Nos interesan los libros de Zambra precisamente por eso; por ese oído que le permite deambular por parajes conocidos (la vida de los barrios, las historias de mujeres solas, de muchachos que quieren escribir) y tratarlos con una luz que no habíamos visto antes.
Así, es difícil juzgar los textos del libro por separado. Todos pertenecen a una misma matriz, son partes de algo más grande. Y eso es una geografía de la soledad, un lugar del abandono. Ahí, casi siempre el narrador se sacrifica a sí mismo para contar la historia de los otros.
“Pero no es verdad que haya matado a su padre. Ese crimen nunca sucedió. Y tampoco escribe cartas de amor, nunca lo ha hecho, quizás porque no sabe nada sobre el amor, y lo que sabe no le gusta, lo que sabe es monstruoso”, anota el narrador de “Hacer memoria” el cuento que cierra Mis documentos, el libro de cuentos de Alejandro Zambra (1975). En el relato, que narra cómo una muchacha es violada por su hermano y su padre, se evita la obviedad mediante la sospecha de cualquier clase de retórica literaria que pueda tener el género. “Hacer memoria” es un relato policial que desconfía de lo policial, de la truculencia de sus procedimientos, del cliché de que la ficción puede reparar algún trauma: lo que importa es lo que queda fuera de la ficción, el material humano que podemos entrever como su origen posible.

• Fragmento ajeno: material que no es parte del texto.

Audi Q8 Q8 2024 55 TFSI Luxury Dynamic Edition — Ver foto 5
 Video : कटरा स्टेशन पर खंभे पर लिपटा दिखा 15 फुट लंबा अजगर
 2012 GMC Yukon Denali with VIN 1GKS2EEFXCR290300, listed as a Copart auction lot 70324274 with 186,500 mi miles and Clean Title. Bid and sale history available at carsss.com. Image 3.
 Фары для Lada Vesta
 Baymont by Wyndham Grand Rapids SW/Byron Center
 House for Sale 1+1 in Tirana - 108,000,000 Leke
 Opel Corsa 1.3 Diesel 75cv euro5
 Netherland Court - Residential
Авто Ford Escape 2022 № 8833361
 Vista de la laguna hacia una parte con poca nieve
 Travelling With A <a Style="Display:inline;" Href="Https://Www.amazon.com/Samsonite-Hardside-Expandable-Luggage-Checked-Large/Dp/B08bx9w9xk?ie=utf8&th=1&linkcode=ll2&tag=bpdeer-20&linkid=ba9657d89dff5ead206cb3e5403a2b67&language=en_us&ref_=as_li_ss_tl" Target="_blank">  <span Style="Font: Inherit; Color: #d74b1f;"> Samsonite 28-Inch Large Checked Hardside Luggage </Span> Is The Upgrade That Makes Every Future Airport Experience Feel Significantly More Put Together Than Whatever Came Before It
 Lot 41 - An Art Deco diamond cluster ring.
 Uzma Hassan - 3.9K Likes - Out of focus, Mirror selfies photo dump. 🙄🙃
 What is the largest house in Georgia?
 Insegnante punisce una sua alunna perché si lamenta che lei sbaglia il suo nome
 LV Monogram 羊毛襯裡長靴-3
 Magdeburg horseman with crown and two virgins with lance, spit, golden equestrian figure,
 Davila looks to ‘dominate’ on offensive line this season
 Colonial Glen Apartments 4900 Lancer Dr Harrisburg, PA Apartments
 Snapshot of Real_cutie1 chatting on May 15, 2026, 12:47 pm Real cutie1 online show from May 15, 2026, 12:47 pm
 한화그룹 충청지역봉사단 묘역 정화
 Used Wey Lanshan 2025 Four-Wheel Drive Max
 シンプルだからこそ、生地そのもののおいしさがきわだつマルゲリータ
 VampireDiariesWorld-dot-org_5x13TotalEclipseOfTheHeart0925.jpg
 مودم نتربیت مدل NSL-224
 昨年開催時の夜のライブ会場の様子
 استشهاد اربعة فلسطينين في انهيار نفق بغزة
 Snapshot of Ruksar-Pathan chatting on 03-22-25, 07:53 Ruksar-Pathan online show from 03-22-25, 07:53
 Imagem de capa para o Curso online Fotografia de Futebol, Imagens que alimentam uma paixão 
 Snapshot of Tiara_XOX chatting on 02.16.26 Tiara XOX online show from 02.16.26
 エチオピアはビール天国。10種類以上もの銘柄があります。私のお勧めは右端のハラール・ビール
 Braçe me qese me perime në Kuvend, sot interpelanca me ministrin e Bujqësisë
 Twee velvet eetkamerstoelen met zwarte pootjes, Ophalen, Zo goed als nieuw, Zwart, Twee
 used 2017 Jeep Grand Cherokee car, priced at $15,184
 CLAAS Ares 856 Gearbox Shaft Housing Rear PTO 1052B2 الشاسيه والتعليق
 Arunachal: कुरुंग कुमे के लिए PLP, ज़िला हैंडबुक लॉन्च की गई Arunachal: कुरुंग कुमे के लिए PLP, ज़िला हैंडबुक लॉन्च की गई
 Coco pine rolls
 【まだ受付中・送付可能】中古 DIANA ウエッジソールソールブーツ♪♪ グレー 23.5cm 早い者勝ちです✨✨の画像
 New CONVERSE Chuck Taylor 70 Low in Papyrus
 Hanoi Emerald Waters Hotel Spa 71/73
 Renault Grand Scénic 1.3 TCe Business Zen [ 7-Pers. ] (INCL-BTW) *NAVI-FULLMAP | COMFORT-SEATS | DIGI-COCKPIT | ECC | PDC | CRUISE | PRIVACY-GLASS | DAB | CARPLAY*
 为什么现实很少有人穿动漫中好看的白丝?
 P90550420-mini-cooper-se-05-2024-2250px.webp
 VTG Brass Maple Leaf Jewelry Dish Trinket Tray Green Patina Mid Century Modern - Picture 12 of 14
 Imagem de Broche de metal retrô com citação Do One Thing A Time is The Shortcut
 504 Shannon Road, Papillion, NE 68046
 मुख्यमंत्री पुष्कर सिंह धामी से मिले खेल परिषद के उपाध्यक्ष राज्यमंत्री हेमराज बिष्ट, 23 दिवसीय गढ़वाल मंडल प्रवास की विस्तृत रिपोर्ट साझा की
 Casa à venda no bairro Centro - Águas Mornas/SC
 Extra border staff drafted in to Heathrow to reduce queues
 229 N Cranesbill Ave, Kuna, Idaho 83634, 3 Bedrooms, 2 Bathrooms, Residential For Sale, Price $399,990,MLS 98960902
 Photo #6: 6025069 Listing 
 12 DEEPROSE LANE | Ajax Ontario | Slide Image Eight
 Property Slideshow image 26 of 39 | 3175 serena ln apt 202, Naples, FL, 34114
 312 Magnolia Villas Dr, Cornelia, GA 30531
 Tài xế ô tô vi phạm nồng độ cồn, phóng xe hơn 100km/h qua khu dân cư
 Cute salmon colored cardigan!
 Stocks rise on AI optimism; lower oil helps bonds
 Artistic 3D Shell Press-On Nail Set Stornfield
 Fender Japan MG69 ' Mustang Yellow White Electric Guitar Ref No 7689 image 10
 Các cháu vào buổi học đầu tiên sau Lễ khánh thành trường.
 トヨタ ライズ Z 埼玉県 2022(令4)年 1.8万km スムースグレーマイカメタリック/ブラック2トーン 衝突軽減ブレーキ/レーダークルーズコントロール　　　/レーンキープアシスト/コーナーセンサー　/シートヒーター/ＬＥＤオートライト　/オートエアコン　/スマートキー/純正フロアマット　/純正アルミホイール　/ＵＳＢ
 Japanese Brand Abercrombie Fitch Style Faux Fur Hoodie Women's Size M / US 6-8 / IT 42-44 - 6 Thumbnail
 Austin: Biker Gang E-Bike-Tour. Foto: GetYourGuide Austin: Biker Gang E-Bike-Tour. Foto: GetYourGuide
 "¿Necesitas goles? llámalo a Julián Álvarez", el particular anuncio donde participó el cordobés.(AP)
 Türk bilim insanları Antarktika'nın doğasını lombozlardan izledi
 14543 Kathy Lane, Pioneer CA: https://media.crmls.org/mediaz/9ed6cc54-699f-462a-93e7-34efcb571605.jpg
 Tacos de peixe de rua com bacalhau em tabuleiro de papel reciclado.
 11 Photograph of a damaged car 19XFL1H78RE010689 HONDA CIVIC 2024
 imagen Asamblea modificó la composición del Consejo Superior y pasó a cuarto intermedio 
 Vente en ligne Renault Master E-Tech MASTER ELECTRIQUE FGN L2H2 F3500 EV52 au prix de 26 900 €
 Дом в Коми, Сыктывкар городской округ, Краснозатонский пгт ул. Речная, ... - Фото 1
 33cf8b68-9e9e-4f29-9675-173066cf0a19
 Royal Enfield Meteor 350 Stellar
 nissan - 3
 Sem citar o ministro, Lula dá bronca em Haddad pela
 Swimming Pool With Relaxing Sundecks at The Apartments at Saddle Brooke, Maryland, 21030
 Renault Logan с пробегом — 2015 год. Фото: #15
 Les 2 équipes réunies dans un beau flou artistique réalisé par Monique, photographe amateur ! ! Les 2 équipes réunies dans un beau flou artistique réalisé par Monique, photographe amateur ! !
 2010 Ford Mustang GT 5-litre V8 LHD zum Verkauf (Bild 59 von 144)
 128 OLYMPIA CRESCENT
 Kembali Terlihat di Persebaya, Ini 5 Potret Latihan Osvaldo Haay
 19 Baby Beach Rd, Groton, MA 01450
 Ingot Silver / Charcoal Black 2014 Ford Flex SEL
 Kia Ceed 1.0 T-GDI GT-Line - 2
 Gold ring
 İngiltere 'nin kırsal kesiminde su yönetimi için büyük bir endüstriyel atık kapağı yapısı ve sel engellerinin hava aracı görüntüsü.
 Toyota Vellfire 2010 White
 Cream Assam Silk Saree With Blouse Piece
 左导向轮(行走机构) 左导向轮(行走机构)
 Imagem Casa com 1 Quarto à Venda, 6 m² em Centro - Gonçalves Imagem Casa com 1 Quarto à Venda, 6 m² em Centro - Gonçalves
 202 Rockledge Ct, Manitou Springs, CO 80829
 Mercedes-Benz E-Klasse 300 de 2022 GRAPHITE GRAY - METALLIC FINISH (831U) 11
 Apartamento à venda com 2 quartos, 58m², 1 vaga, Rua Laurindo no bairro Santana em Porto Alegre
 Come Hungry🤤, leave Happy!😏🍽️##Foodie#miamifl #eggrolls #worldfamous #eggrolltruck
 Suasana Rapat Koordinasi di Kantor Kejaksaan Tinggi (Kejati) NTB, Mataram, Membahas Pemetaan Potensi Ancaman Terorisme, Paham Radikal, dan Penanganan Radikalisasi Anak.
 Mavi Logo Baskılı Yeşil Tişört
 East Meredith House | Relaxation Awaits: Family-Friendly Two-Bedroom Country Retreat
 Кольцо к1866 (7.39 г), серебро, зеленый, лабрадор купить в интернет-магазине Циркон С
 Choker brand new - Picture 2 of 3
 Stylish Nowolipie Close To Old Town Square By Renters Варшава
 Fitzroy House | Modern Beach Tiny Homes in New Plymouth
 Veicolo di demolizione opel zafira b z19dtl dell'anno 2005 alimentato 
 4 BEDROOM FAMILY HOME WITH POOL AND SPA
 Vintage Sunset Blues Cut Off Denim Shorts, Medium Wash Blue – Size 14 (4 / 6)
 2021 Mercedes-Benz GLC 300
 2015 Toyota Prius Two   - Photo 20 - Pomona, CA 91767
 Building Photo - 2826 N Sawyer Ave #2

Nos interesan los libros de Zambra precisamente por eso; por ese gesto que el cuento condensa: ese oído que le permite deambular por parajes conocidos (la vida de los barrios, las historias de mujeres solas, de muchachos que quieren escribir, de lectores de mediana edad) y tratarlos con una luz que no habíamos visto antes. Quizás eso descanse justamente en que esa percepción proviene de su coqueteo con la experiencia, con la sospecha de que la ficción es un arte tan frágil como engañoso.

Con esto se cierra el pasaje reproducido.